1 is a holding device for a glass rod, 2 is a porous glass base material,
3 is a glass rod, 4 is a rotation motor, 5 is a burner, 6
Is a burner reciprocating motor, 11 is a scroll chuck,
12 is a thick disk, 13 is a guide groove, 14 is a through hole, 15 is a bevel gear, 16 is a shaft core, 17 is a cylinder, 18 is a female screw arc,
19 is a spiral groove, 20 is a disk, 21 is a guide projection,
22 is a cut, 30 is a hexagon wrench, 31 is a bolt, 32
Is a connection plate, 33 is a motor connection tool, 34 is a nut, a is a rotation direction, and b is a forward and backward direction.

 ────────────────────────────────────────────────── ─── Continuing on the front page (72) Inventor Kiyoshi Yokokawa 2-13-1 Isobe, Annaka-shi, Gunma F-term in Shin-Etsu Kagaku Kogyo Co., Ltd.
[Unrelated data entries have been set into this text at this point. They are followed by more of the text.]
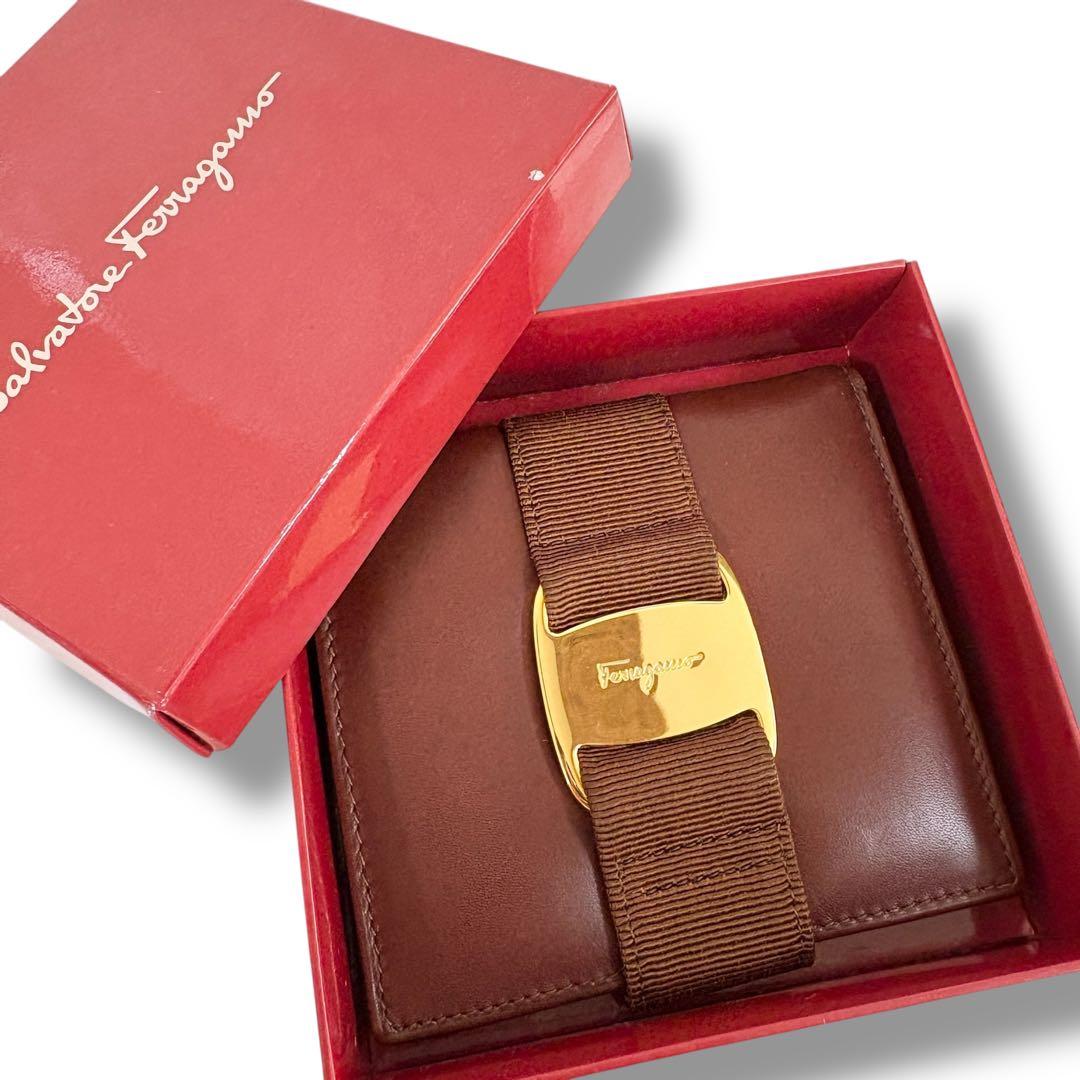 極美品✨Salvatore Ferragamo ヴァラリボン 2つ折り財布 茶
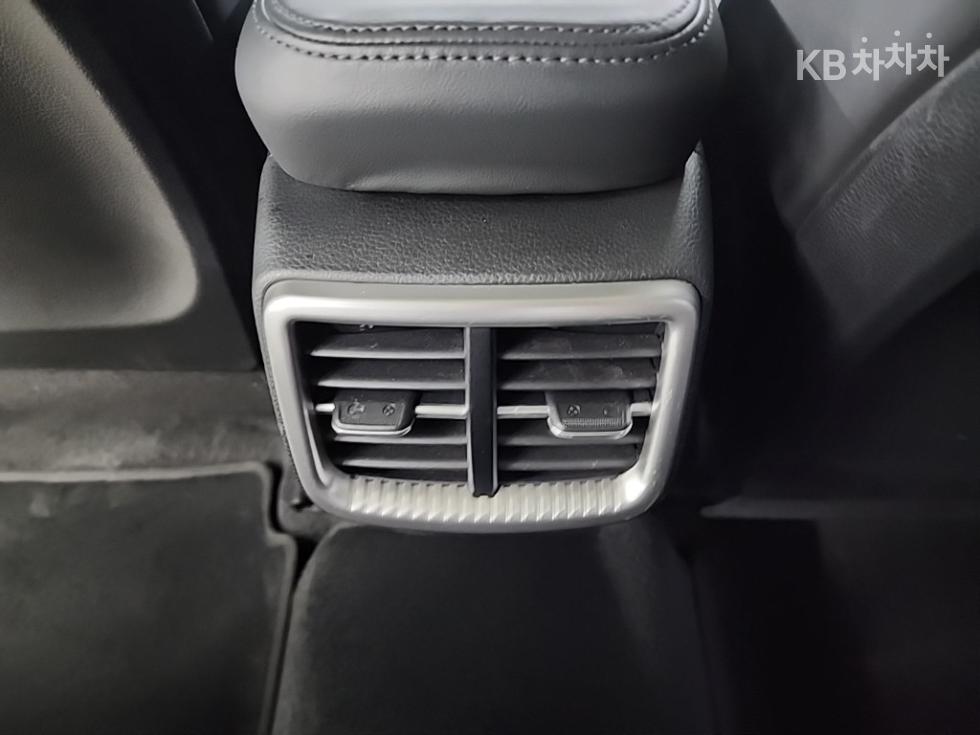 Kia K5 — miniaturë 13
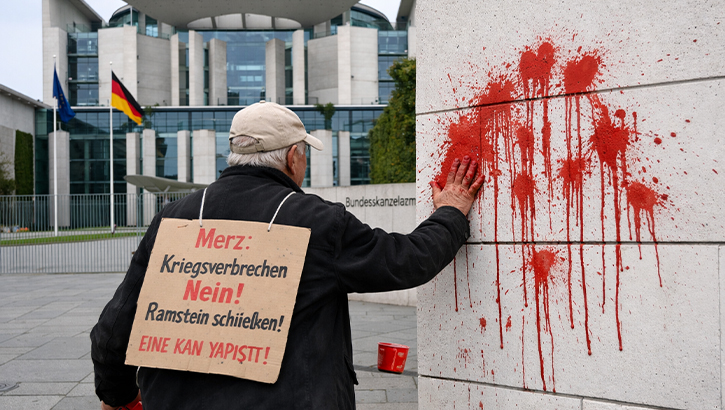 Berlin’de hükümete tepki: Başbakanlık boyandı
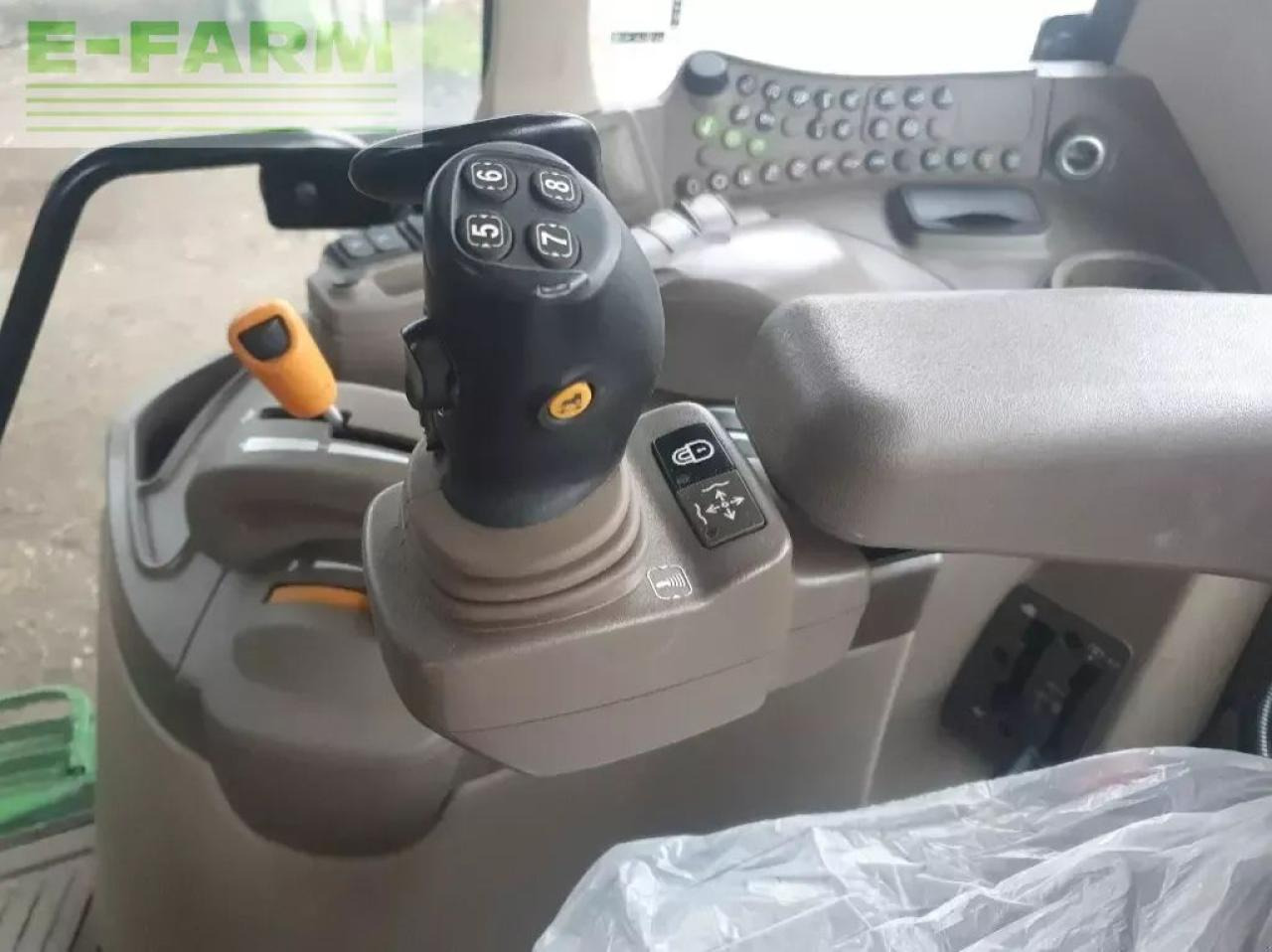 John Deere 6140m - Tractor: foto 3 John Deere 6140m - Tractor: foto 3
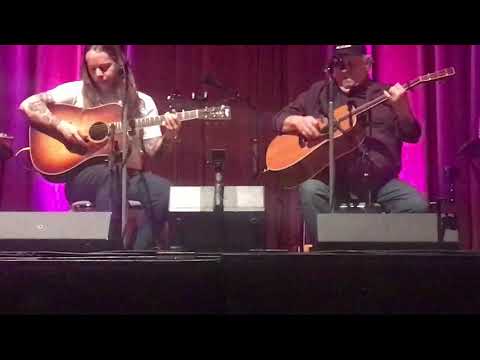 Family Strings (Billy Strings & Terry Barber) 2/29/20 ‘’Little Cabin Home on the Hill’’ Ionia, MI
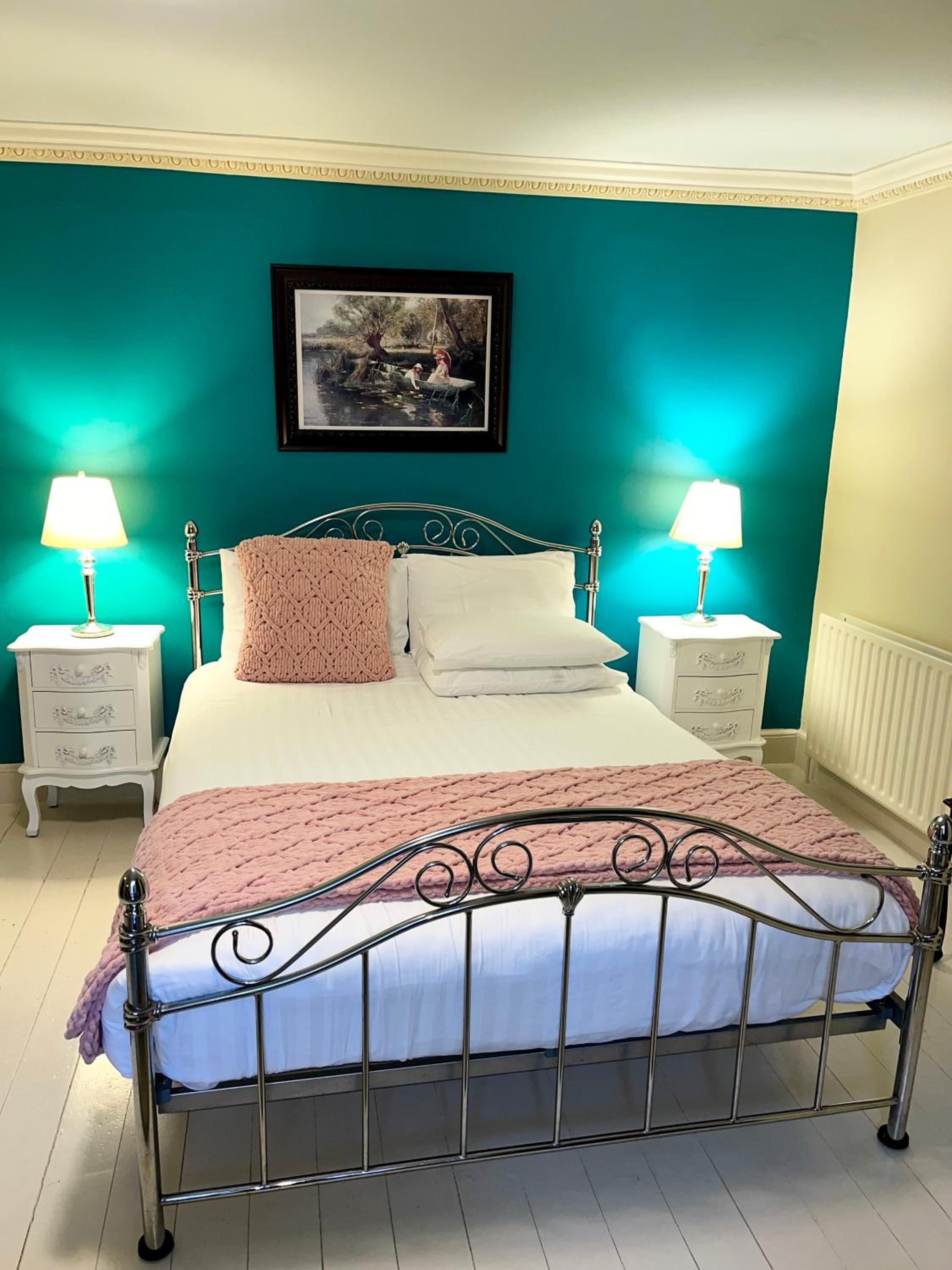 Queen Room with Garden View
Precision Functional Materials Laboratory 4G021 EA00 EA03

Claims (3)

[Claims] 1. A gripping device for gripping both ends of a glass rod with a scroll chuck and rotating the glass rod by power to produce a porous glass base material, wherein at least one end of the both ends is A glass rod holding device, which is held in series by a two-stage scroll chuck. 2. The glass rod gripping device according to claim 1, wherein the power-side end of the two ends is gripped in series by a two-stage scroll chuck. 3. A method for producing a porous glass base material by rotating both ends of a glass rod by a power while gripping the both ends with a scroll chuck and depositing glass particles blown out from a burner on the surface of the glass rod. A method of manufacturing a porous glass base material, wherein at least one end of the both ends is gripped by a two-stage scroll chuck in series.